**What is expected:** Tell me how many lines of the entries below include the string "Print", and give only the number.

**Input data:**
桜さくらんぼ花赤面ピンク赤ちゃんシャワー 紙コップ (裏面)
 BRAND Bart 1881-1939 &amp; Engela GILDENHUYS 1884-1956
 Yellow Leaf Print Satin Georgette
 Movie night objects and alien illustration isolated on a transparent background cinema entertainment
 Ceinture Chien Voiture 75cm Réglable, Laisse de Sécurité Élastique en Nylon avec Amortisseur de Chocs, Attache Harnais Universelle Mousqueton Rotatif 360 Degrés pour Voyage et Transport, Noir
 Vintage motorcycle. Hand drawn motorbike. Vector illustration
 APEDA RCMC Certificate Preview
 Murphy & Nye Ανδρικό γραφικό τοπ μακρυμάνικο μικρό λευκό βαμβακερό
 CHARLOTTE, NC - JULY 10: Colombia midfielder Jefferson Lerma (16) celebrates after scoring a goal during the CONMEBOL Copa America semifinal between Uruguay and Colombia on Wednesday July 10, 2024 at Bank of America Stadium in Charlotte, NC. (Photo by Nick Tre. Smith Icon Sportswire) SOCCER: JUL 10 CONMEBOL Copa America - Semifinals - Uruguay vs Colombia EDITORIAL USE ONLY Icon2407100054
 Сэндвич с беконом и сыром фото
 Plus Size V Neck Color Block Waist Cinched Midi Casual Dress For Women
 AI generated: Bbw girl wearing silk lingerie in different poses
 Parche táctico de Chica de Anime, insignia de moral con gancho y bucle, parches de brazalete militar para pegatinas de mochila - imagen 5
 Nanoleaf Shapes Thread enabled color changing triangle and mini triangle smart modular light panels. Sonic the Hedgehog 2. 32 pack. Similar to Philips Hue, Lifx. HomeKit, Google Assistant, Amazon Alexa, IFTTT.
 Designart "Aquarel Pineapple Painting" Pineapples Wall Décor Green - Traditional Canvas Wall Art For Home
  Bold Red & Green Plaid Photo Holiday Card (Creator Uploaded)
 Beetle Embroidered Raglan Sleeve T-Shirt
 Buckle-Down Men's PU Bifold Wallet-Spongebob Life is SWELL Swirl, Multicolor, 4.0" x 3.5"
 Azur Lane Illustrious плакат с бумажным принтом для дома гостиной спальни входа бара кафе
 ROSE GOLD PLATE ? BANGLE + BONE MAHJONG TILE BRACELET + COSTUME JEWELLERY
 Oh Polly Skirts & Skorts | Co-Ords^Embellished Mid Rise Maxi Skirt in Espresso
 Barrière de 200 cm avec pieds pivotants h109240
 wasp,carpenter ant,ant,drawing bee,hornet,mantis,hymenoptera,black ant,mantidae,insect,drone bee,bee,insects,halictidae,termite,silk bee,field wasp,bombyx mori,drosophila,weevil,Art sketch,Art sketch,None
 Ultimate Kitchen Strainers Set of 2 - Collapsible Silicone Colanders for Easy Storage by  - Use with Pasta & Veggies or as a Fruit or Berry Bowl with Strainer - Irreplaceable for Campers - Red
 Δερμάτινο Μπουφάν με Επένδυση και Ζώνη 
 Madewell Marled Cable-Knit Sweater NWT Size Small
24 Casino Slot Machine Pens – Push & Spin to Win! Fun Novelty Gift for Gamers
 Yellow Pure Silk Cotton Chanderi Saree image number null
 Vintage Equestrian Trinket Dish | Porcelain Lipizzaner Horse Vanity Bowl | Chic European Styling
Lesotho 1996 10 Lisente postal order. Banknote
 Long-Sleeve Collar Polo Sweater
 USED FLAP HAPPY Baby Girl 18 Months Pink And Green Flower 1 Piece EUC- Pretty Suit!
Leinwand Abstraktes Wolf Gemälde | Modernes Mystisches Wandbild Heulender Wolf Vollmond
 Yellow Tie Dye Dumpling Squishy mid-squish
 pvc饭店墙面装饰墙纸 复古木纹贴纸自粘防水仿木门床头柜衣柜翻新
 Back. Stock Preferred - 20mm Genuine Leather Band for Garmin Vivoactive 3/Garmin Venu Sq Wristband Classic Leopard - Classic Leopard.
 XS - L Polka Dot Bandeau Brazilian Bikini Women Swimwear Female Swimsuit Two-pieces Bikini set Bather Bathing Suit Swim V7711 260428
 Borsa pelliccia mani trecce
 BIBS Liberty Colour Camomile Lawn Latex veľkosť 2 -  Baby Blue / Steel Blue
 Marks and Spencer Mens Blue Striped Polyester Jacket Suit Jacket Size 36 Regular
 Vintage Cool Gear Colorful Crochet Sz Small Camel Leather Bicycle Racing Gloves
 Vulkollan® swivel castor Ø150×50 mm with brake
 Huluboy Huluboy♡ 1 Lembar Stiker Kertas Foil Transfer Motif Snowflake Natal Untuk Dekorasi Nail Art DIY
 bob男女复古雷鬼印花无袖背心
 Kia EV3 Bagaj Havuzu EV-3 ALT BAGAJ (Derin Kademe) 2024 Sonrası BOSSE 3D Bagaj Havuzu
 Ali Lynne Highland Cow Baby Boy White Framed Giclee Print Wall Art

**Answer box:** 2